Jobs are a by product of a business being able to make a profit.


Profits and wealth have increased exponentially, but poverty has been increasing and opportunities decreasing. So saying the more profits Big companies make the better off poor people will be is completely against stastics and fact.


They guy who bust his ass to make $20/hr now is not going to be happy when a new employee with no skill is also making $20/hr.
What good is making $20/hr if everything else like rent, food, etc has also increased?

Increasing the minimum would obviously increase the next few brackets aswell. That is'nt a bad thing. The video above shows the kind of impact this would have on products. It really is'nt that much and those poor people are now able to support themselves and spend more into society. Keeping people poor and exploited to protect your low prices is selfish and costs you more in welfare programs anyway.

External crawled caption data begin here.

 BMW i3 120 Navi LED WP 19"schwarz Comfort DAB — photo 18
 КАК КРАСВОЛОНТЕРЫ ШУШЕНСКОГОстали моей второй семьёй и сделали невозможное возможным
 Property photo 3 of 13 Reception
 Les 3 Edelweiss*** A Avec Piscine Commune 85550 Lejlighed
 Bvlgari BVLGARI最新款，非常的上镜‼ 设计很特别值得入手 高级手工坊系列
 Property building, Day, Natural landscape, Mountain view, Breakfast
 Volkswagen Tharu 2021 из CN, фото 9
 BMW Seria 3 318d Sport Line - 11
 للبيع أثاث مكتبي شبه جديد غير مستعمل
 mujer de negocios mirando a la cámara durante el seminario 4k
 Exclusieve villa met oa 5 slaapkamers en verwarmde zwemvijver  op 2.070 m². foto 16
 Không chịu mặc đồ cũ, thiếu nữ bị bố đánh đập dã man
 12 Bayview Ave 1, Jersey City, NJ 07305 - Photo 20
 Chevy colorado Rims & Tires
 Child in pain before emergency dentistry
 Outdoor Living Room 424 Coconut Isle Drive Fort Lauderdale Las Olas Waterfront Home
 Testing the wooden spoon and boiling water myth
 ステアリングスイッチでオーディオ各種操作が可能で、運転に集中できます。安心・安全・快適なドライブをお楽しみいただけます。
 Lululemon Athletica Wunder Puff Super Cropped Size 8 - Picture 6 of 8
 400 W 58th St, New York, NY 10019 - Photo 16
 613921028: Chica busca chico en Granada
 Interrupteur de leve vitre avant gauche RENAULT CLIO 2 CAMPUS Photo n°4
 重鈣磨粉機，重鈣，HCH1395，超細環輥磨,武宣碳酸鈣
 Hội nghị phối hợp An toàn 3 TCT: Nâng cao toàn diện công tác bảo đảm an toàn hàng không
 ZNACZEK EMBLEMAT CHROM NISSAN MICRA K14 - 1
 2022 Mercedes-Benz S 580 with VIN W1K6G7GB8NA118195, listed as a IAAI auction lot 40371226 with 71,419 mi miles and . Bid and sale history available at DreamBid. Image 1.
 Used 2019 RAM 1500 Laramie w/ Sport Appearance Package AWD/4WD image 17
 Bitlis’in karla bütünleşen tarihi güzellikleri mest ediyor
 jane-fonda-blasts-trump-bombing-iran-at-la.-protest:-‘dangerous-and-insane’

You work the job, gain some skills and move up or find a new job at a higher salary. If you are stuck in a minimum wage job, you've made some seriously bad choices in your life.

Not the case. Minimum wage jobs are effectively dead end careers for alot of people as the chance for progression is'nt there for everyone. The best way to put it is a fastfood restuarant with say, 30 people (cleaners, servers. cooks etc...) and only 2 management type roles. Everyone could work themselves to the bone but only 2 of them will see an improvement regardless. And fastfood "Skillsets" are not going to suddenly get you considered for better jobs.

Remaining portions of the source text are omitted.